South Asian Muslim workers use holiday to visit Little India mosque

South Asian Muslim workers use holiday to visit Little India mosque

It was a rare Friday off, so South Asian Muslim foreign workers took the opportunity to pray in and around the Angullia Mosque in Little India yesterday.

The mosque, which can hold about 400 people, could not contain the crowd, so about 500 people poured out to the field next door, creating an unusual sight for passers-by.

The praying men were part of the large crowds that descended on Little India yesterday, on the first day of the Chinese New Year.

The atmosphere could not have been more different than the chaos that reigned during the riot on Dec 8 last year, sparked off by an accident in which an Indian national was run over by a bus.

The mob attacked the bus driver and a woman working for the bus company, threw stones at police, and torched government vehicles in the worst riot here in 40 years.

Yesterday, men reciting their prayers filled the field next to the mosque at Serangoon Road, a stone's throw from Mustafa Centre.

Bangladeshi construction worker Md Juwel, 28, who has lived here for two years, normally goes to Angullia Mosque only on his weekend breaks for evening prayers.

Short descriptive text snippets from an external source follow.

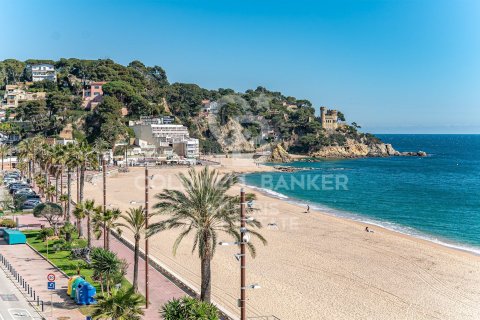 5 bedrooms apartment for sale in Lloret de Mar, Girona, Catalonia, Spain № 7932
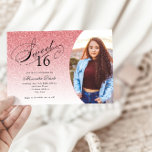 Sweet 16 Birthday Baby Pink Glitzer Glam Foto<br><div class="desc">Diese trendige Glitzer Geburtstagsfeier lädt Sie mit einer eleganten Typografie und Ihrem LieblingsFoto ein. Fügen Sie den benutzerdefinierten Text mithilfe des Vorlagenformulars hinzu. Zusätzliche Optionen für Text und Layout sind verfügbar,  wenn Sie weitere Anpassungen vornehmen möchten.</div>
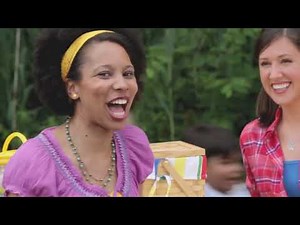 Sprout - Squeaka with Chica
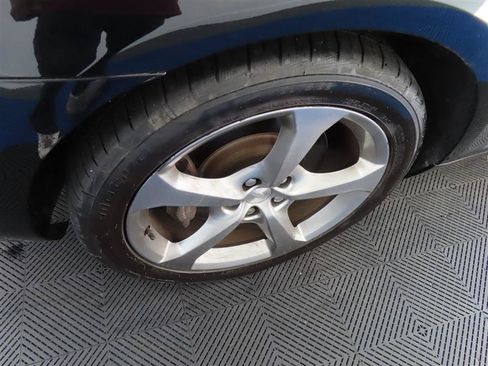 Used 2013 Chevrolet Camaro SS w/ RS Package RWD image 8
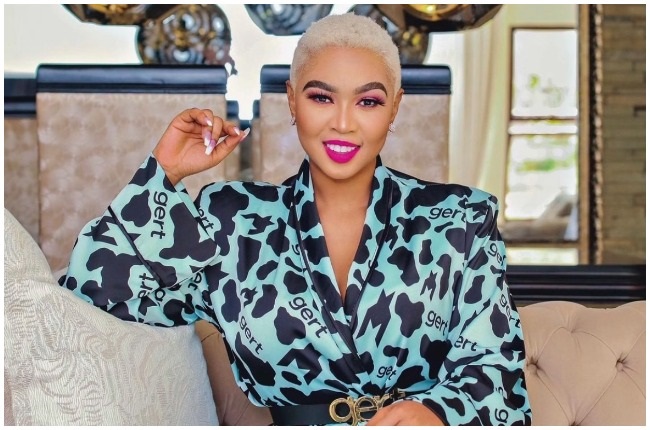 Ayanda Ncwae speaks to us about her hair journey.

He said it was the first time he could go to a mosque here for Friday prayers, an obligation he has to fulfil.

Smiling, he added: "I'm happy that Chinese New Year is on a Friday this year. I can meet friends and we can pray together."

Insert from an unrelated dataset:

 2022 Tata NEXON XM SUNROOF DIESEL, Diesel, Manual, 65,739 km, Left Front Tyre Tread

Another Bangladeshi construction worker, Mr Anamul Hauque, 38, agreed.

He said: "I work in Punggol and it's hard usually to go for Friday prayers. I normally just pray in my room, after work."


A call to prayer was heard around 1.45pm.

All the men then stood up and silently performed their prayers in unison on mats, oblivious to curious onlookers and the traffic that whizzed by just metres away.

"I've worked here for two years and I have never seen so many people at this mosque on a Friday before," said shop assistant S. Bala, 34.

Meanwhile, restaurants at nearby Race Course Road told TNP that they enjoyed about the same earnings as they do every weekend and on public holidays.

The manager of Jaggi's restaurant, Mr Joginder Singh, 52, said business is always good for Chinese New Year. He said most of his customers usually come for dinner.

The manager of Gayatri restaurant nearby, Mr S. Mani, 43, said he looks forward to Chinese New Year.

"It's one of the best times of the year for business," he said.

People of different races made up the lunchtime crowd in the area.

One woman, who wanted to be known only as Mrs Lee, said she had lunch with her husband at the Banana Leaf Apolo Restaurant.

The housewife, who is in her 60s, said: "It's one of our favourite restaurants. We come here about once a month to eat. We don't really celebrate Chinese New Year. After this, we will just visit my mother, and that's it."

Advertising executive Chan Wee Leong, 25, on the other hand, went to the same restaurant for lunch with 12 members of his family, including his parents and grandparents.

"We just go down to non-Chinese restaurants at this time of year because we know these places will be open. We don't want to go through the trouble to look for places to eat. So we just come here," he said with a laugh.